Task details
Exactly as written, retype the lines that run from the line holding "3930 Greenbriar Court, Reno, NV 89509 Photo" through the end of the records below. Do not include pictures.
────────
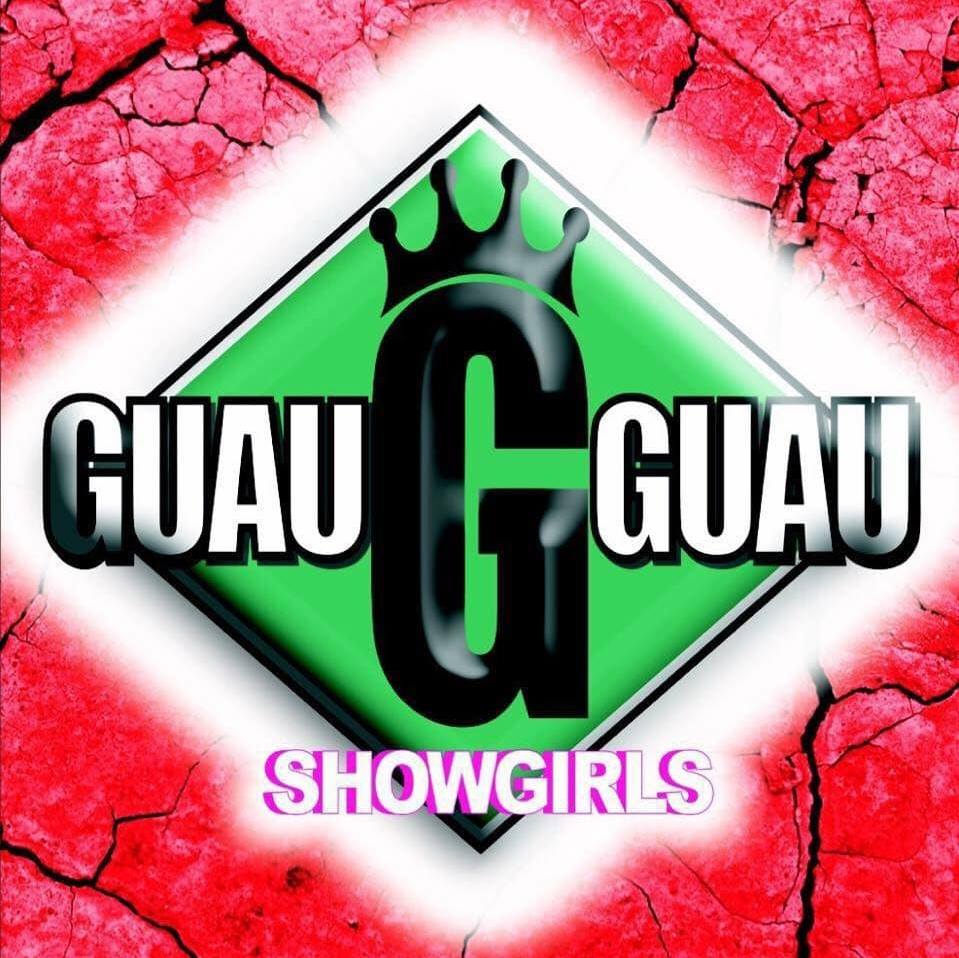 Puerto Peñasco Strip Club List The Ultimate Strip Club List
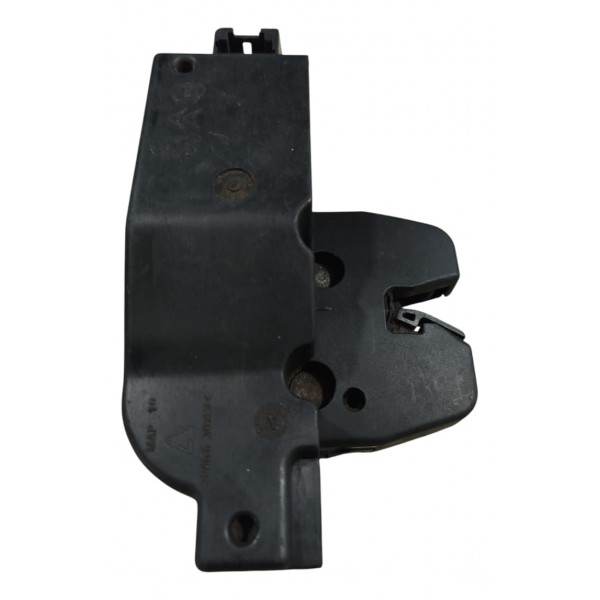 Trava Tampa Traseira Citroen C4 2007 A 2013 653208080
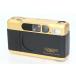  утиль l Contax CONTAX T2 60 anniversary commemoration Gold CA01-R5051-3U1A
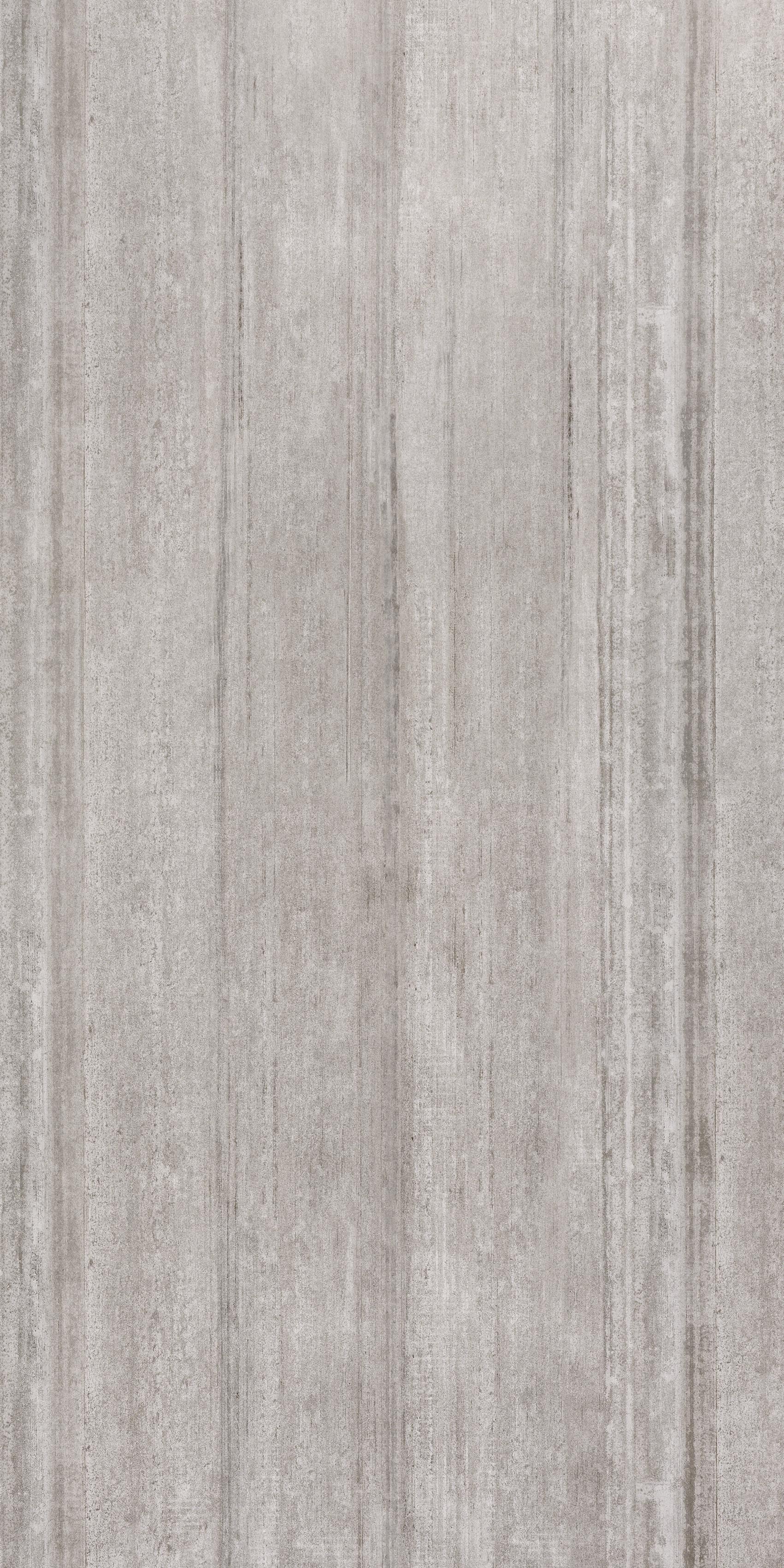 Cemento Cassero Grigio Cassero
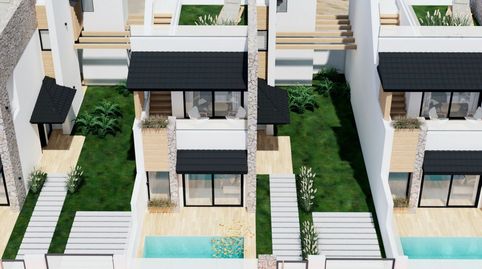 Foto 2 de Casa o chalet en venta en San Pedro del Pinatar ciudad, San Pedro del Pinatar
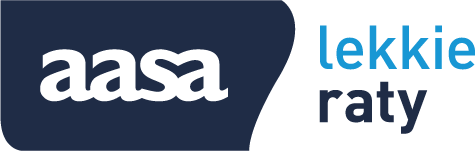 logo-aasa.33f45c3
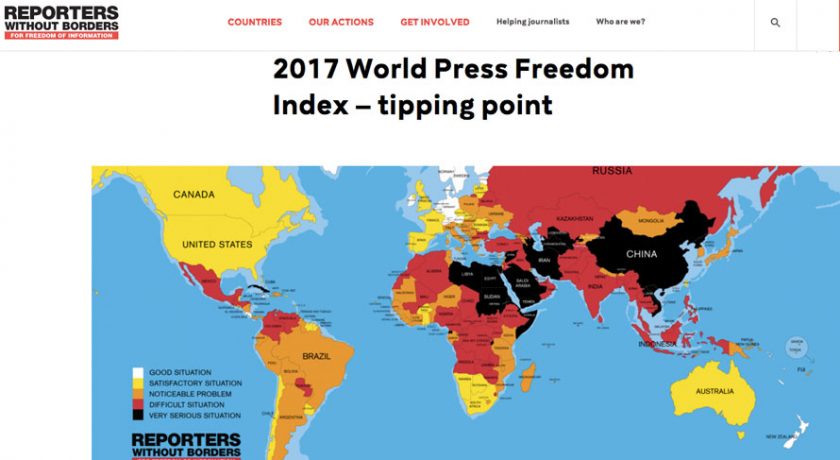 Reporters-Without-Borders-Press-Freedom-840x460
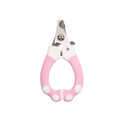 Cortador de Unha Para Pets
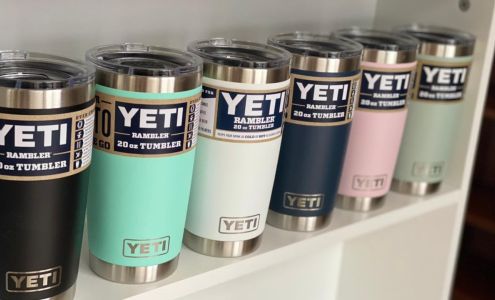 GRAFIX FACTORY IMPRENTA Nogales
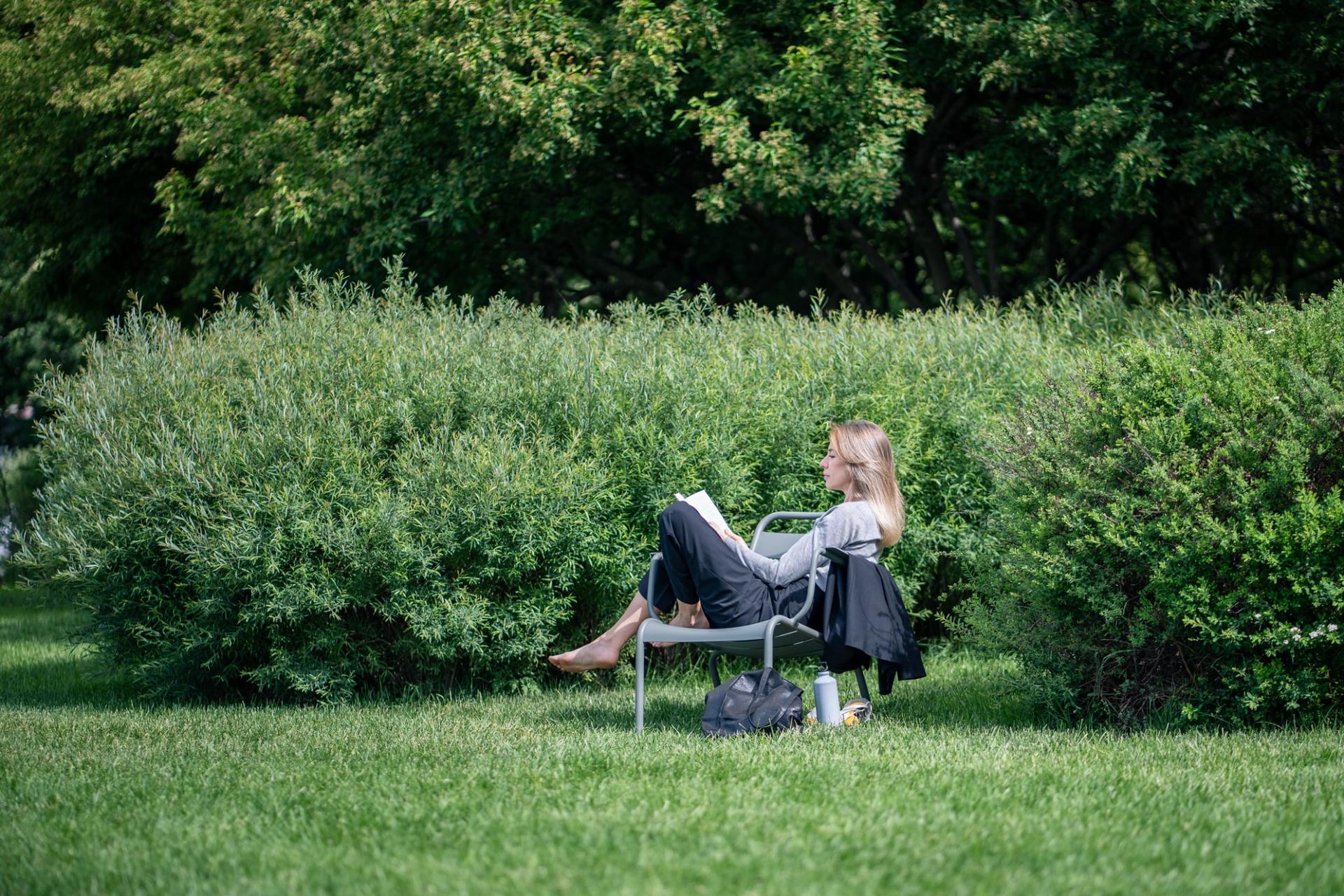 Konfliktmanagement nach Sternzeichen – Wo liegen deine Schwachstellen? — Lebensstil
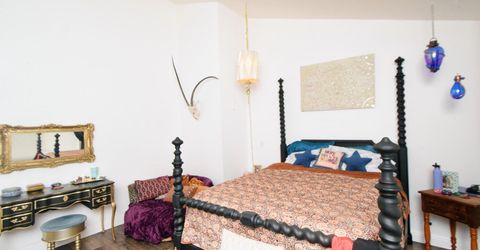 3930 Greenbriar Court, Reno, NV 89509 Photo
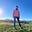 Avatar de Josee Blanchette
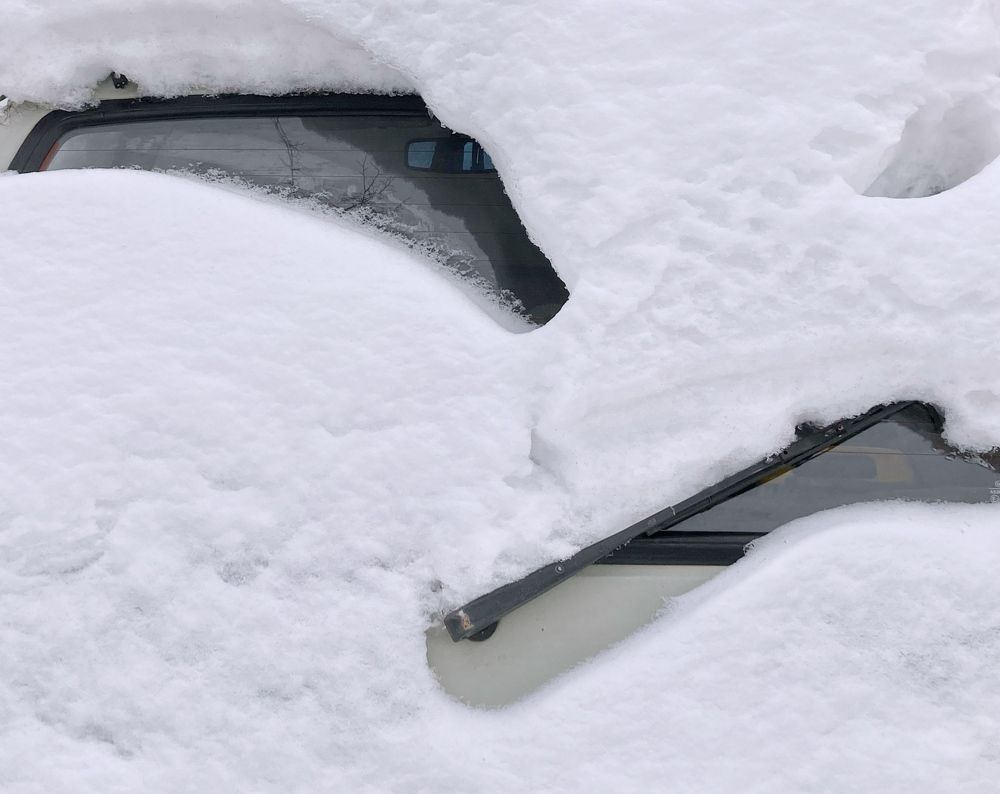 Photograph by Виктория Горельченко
────────
Expected output
 3930 Greenbriar Court, Reno, NV 89509 Photo
 Avatar de Josee Blanchette
 Photograph by Виктория Горельченко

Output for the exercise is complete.